From the line that contains "Abstract painting wall decor" to the final line of the records below, print each line exactly and leave every picture out.
"""
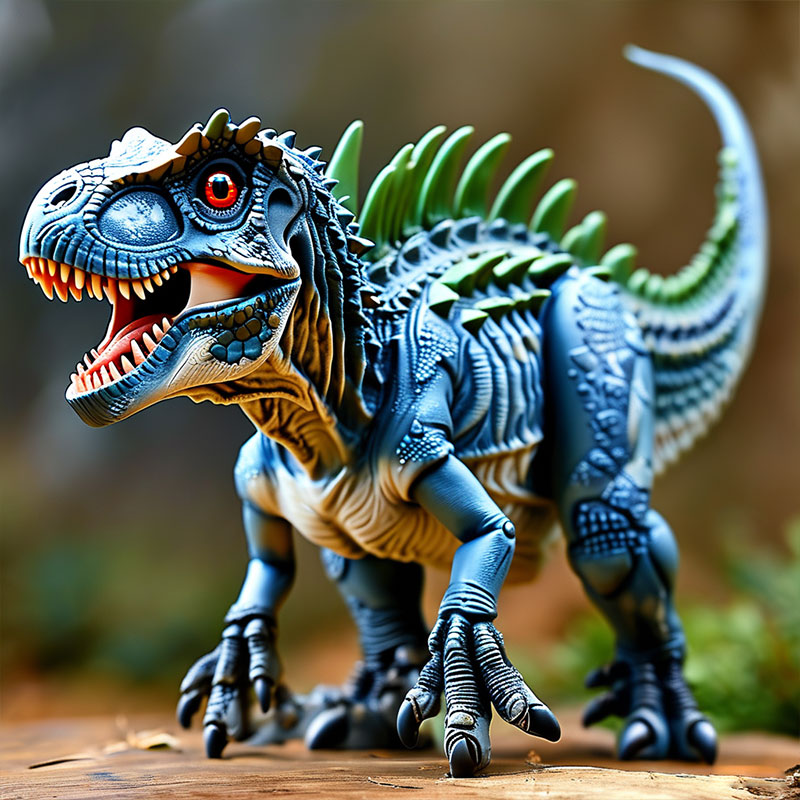 开模注塑恐龙玩具彩色喷涂复杂工艺玩具儿童玩具模型手办工厂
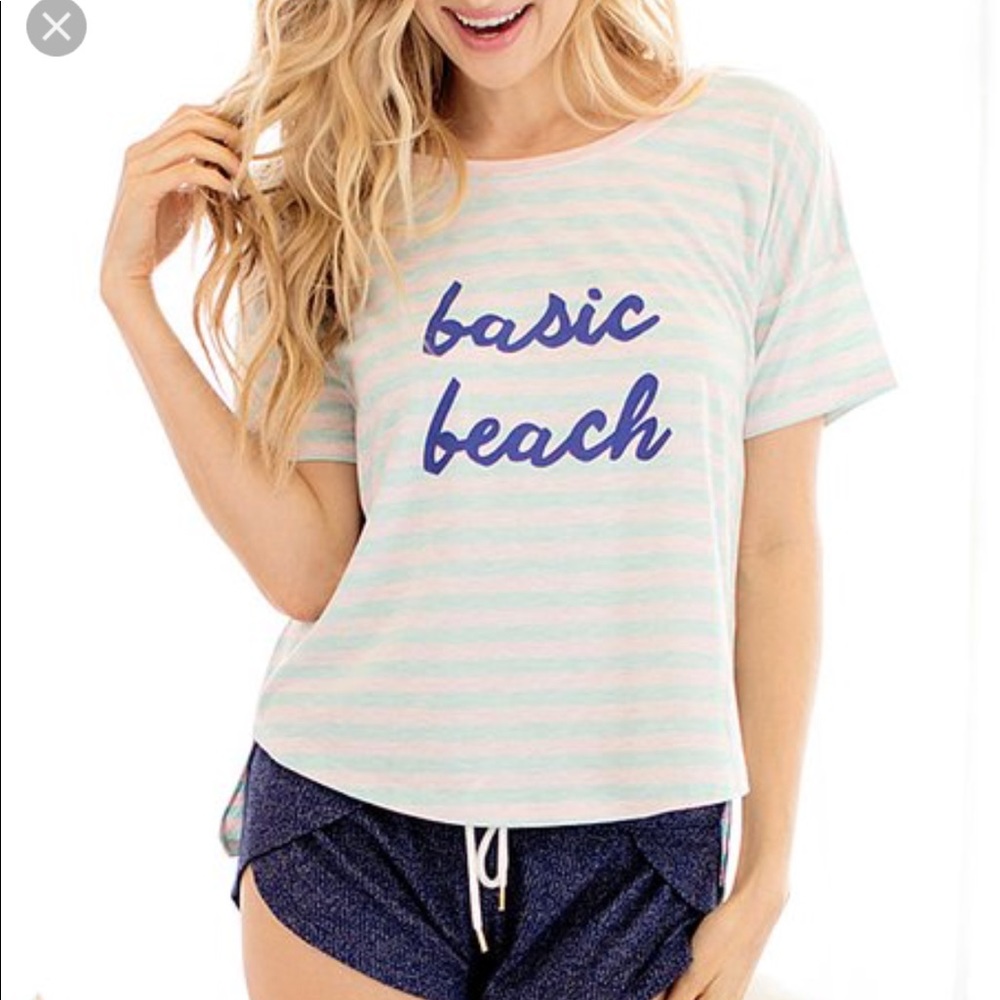 Honeydew Intimates Basic Beach Graphic Shirt NWT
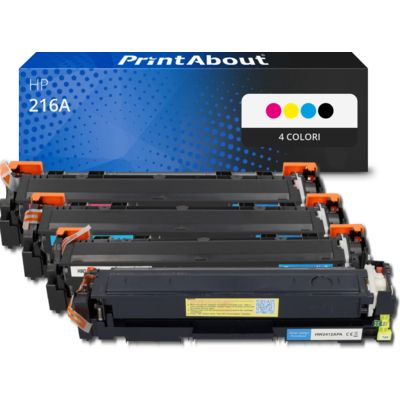 Toner compatibile HP 216A (W2410/11/12/13A) - 4 colori Multipack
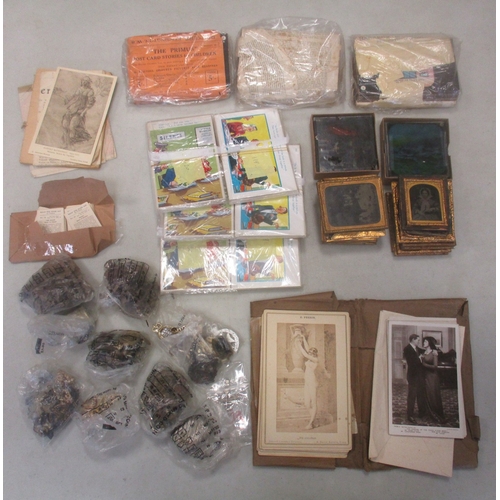 150 - Mixture of various ephemera and collectables in boxes, albums, tins, bags or loose, includes ranges ... 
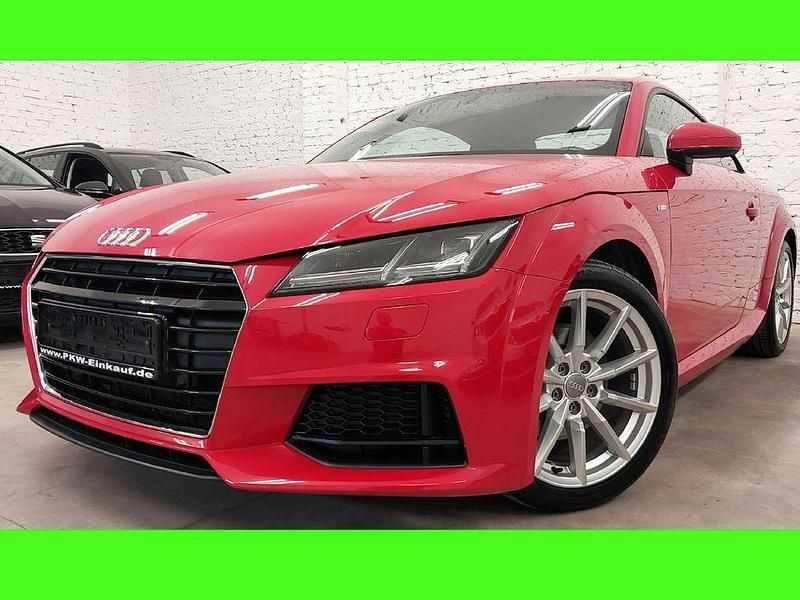 Tangorot Gebraucht 2018 Audi TT S-Line Coupé | 24.990 € (Fairer Preis) - Bild 1/4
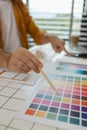 A web designer is using his idea to create a digital product design project that will meet the needs of users in terms of both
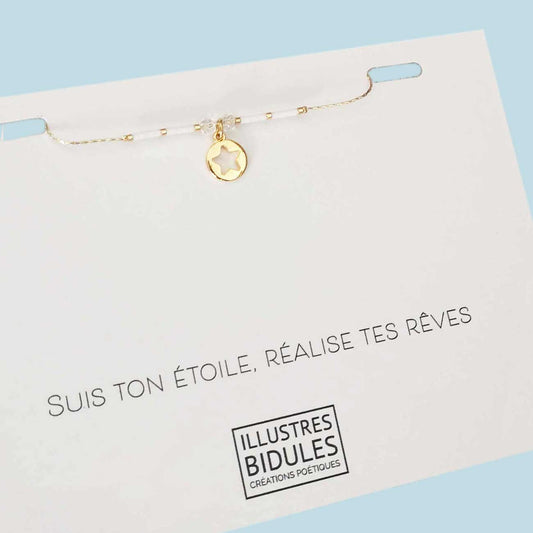 bracelet porte-bonheur avec message motivant bijoux porte-bonheur bijoux talisman pour porter chance suis ton étoile réalise tes rêves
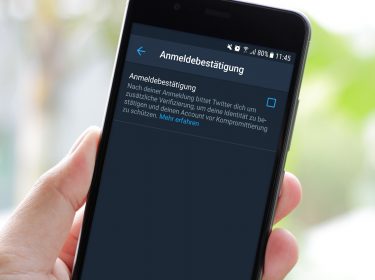 Twitter-App auf Smartphone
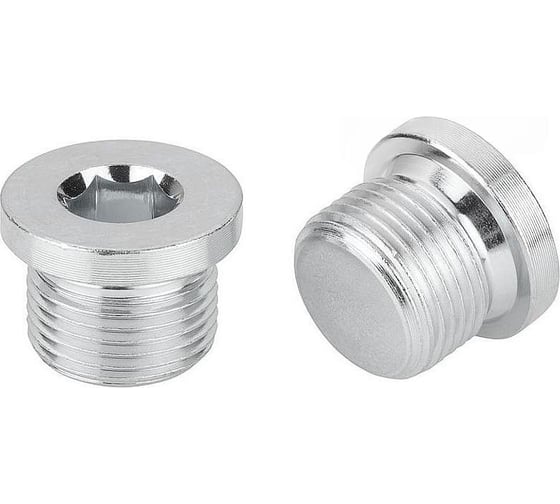 Изображение товара Пробка ОПМ DIN 908 М10x1,0 5.8 flZnnc-480h 100 шт УТ000153250
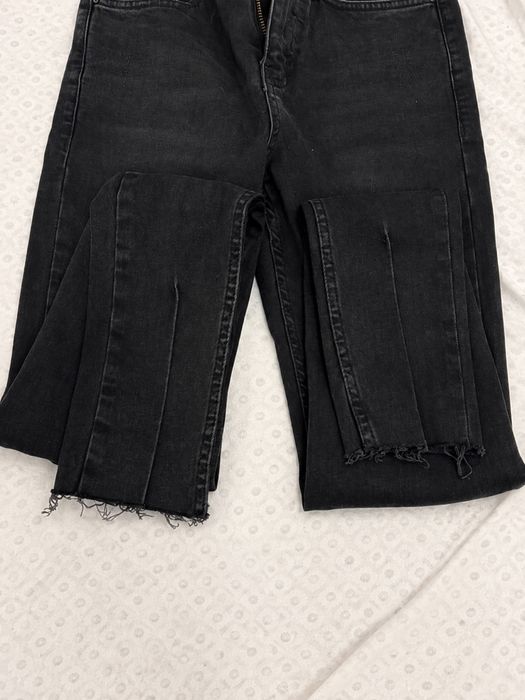 Blugi negri KAROL damă 34/XS, talie înaltă, slim/skinny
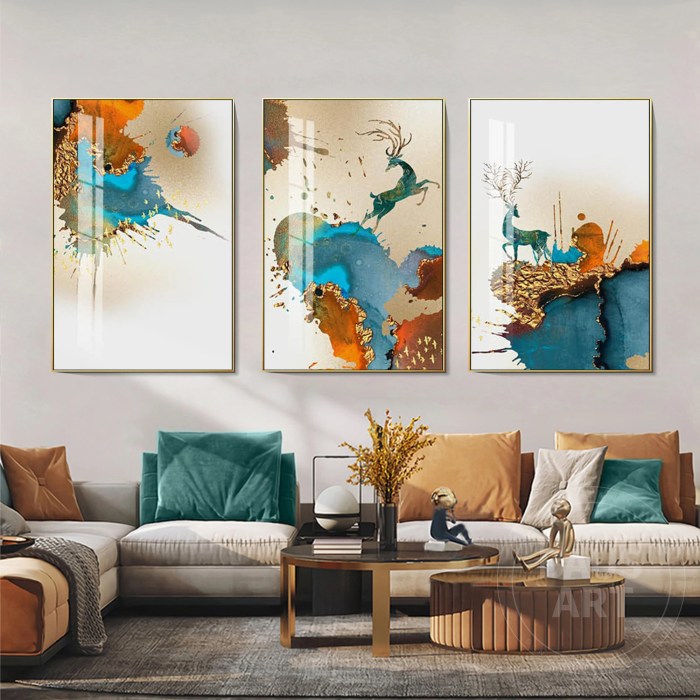 Abstract painting wall decor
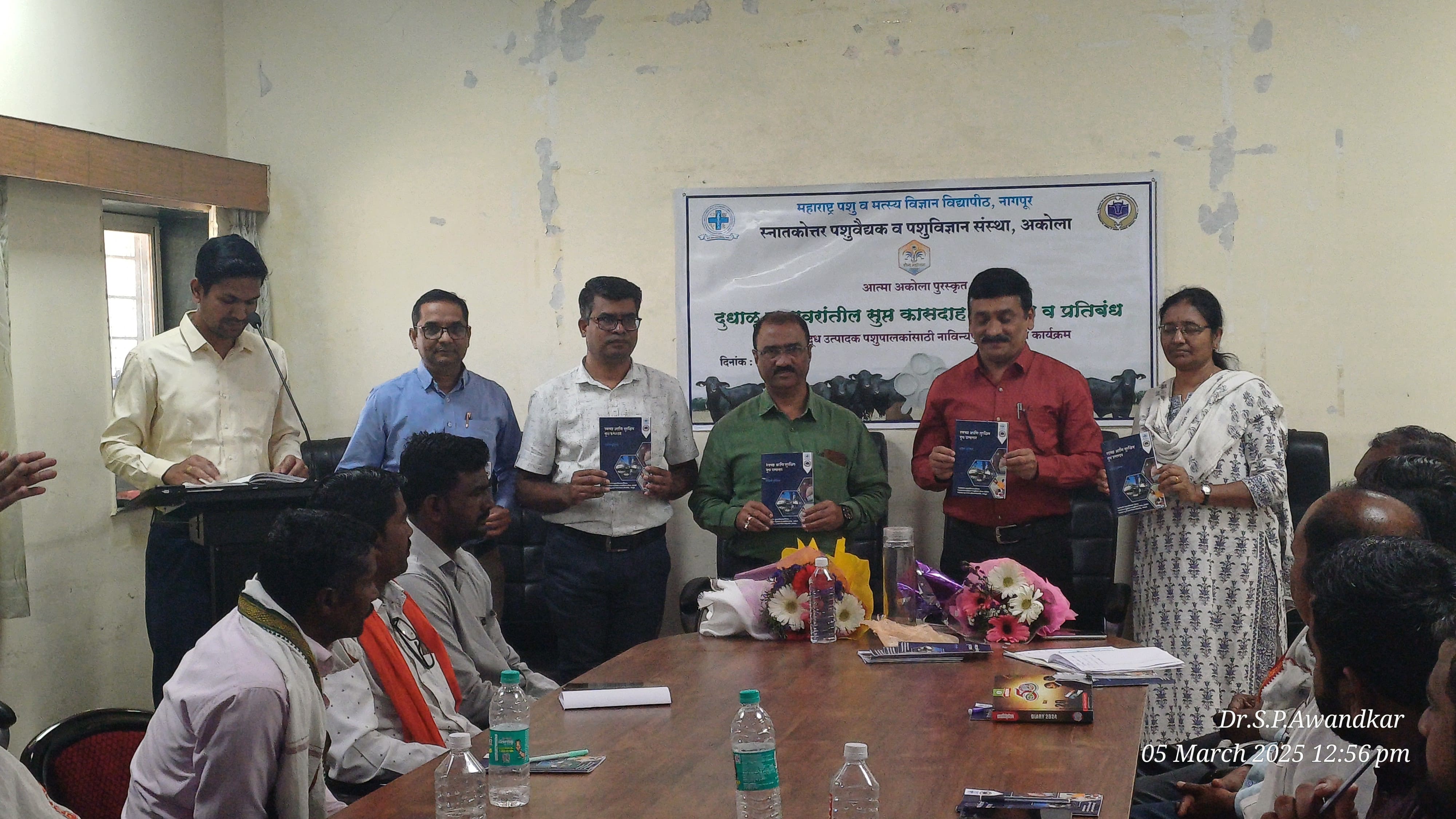 64. Releasing Booklet On  Clean And Safe Milk Production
"""
Task result -
 Abstract painting wall decor
 64. Releasing Booklet On  Clean And Safe Milk Production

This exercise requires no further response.